# OMG! Simionato Live Video from La Scala of Judgement Scene from Aida



## Seattleoperafan (Mar 24, 2013)

I had only heard her in Adalgisa, in which she was wonderful. I was not prepared for her Amneris performance. One of the "hottest" performances Ilve ever seen. When she lets loose her voice sounds like the earth moving! Beyond enormous, beyond beautiful and total immersion in the character. She moves to the top of my list for the best Amneris ever. I've seen Stephanie Blythe live so I know what a great Amneris is like.


----------



## Pugg (Aug 8, 2014)

Thanks for sharing S.O F.


----------



## nina foresti (Mar 11, 2014)

Do yourself a big favor and listen to this. Simionato (my favorite mezzo) at her very best as the Princess de Bouillon in "Adriana Lecouvreur".


----------



## Pugg (Aug 8, 2014)

nina foresti said:


> Do yourself a big favor and listen to this.

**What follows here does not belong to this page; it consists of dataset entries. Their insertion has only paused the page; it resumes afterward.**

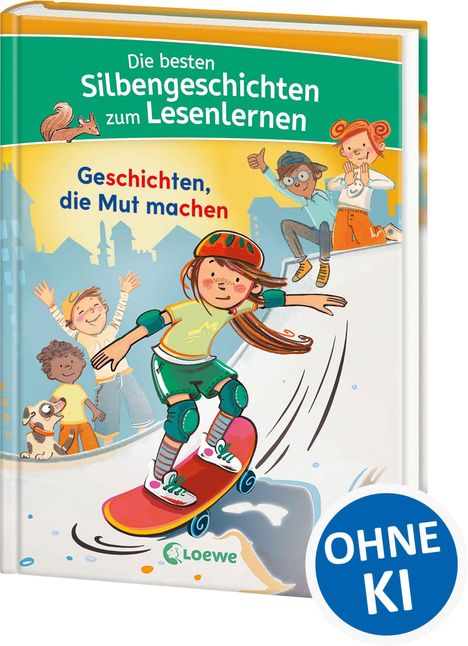 „Die besten Silbengeschichten zum Lesenlernen. Geschichten, die Mut machen.“ Illustration: Kind auf Skateboard, fröhliche Kinder.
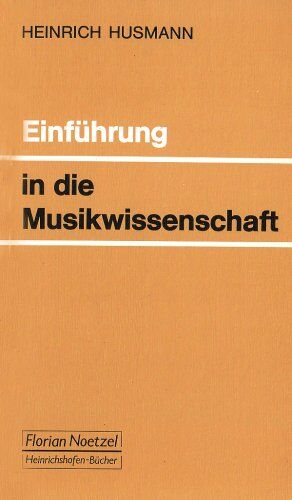 Heinrich Husmann - Einführung in die Musikwissenschaft - Preis vom 07.10.2026 11:45:10 h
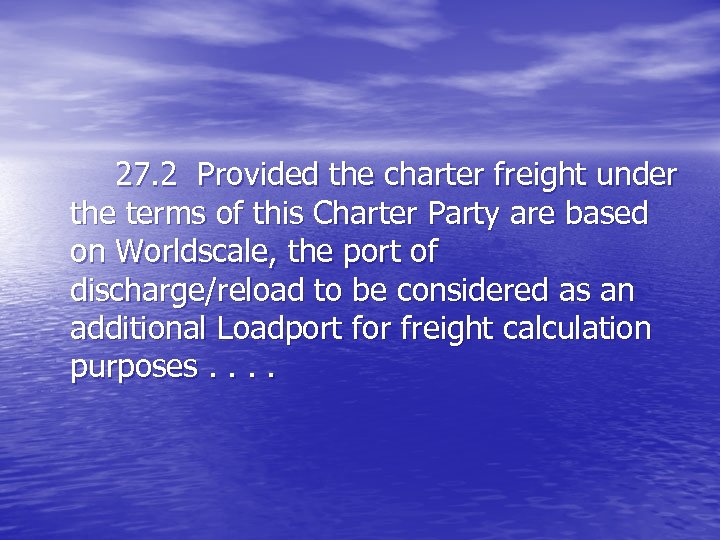 27. 2 Provided the charter freight under the terms of this Charter Party are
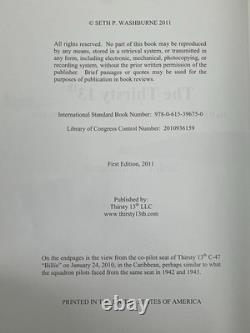 The Thirsty 13th U. S. Army Air Force 13th Troop Carrier Squadron WWII 2011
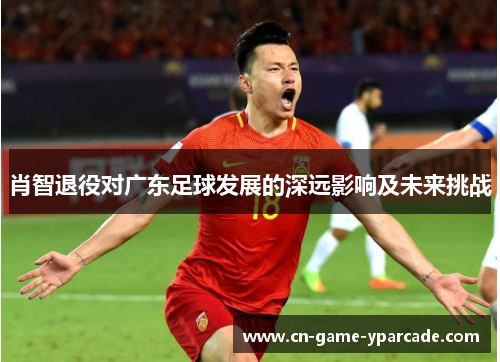 肖智退役对广东足球发展的深远影响及未来挑战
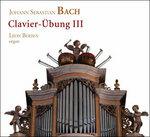 Clavier-Übung III - CD Audio di Johann Sebastian Bach,Leon Berben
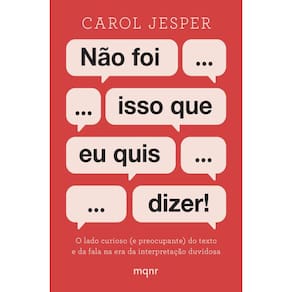 Não foi isso que eu quis dizer!: O lado curioso (e preocupante) do texto e da fala na era da interpretação duvidosa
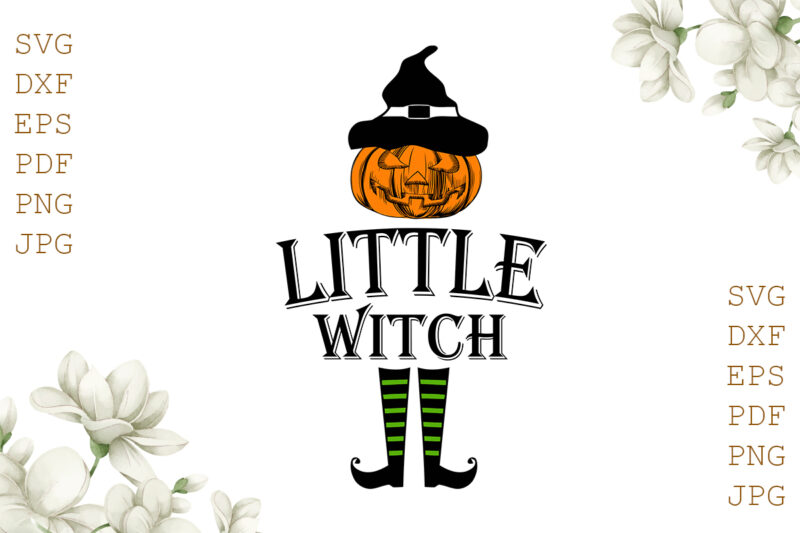 Little Witch Halloween Gifts, Shirt For Halloween Svg File Diy Crafts Svg Files For Cricut, Silhouette Sublimation Files
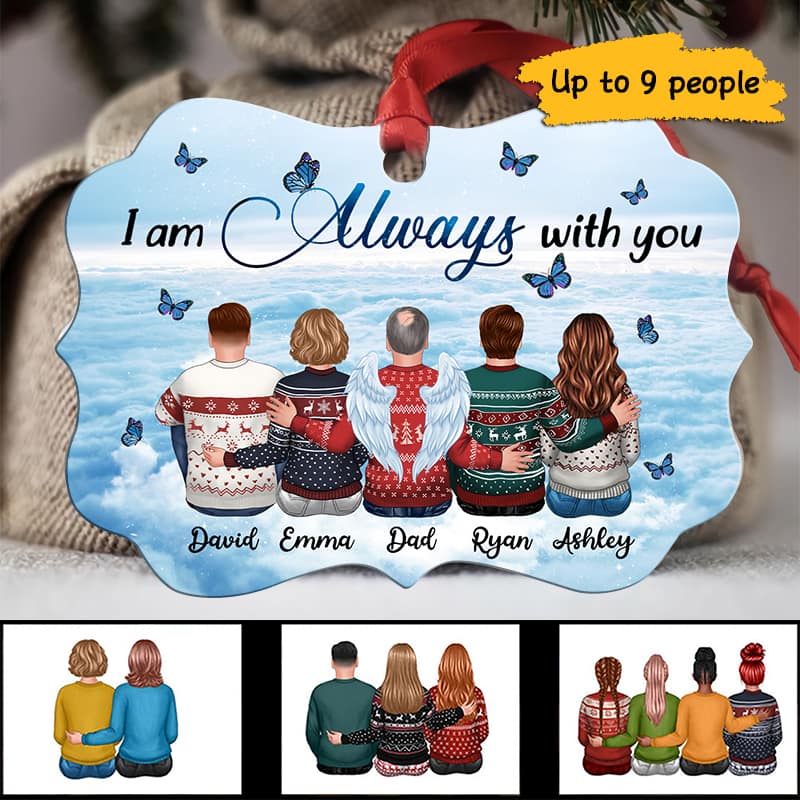 Always With You Sky Family Memorial Personalized Christmas Ornament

Simionato (my favorite mezzo) at her very best as the Princess de Bouillon in "Adriana Lecouvreur".


One word appropriate: Stunning.


----------



## DarkAngel (Aug 11, 2010)

Fortunately we have many great recordings with "Julia" as she performed with the very best singers of the golden era, also famous in Verdi for some of the very best Azucena and Princess Eboli performances......so many great Callas moments but perhaps her very best is her Lady Seymour confrontation scence in 57 Scala - Anna Bolena with Maria, this can never be touched today it is awe inspiring



Check the performance 6:58 -> 19:10, sustained note at 18:27-32 draws gasps from Scala audience


----------



## Seattleoperafan (Mar 24, 2013)

She totally proves that you can have a phenominally large voice that is healthy and solid and not have an ounce of fat on your body!!!!!!!!!!!!! It's because she learned how to breath slender and never gained weight. It was one of the largest voices ever heard in Verdi.


----------



## Pugg (Aug 8, 2014)

Seattleoperafan said:


> She totally proves that you can have a phenominally large voice that is healthy and solid and not have an ounce of fat on your body!!!!!!!!!!!!! It's because she learned how to breath slender and never gained weight. It was one of the largest voices ever heard in Verdi.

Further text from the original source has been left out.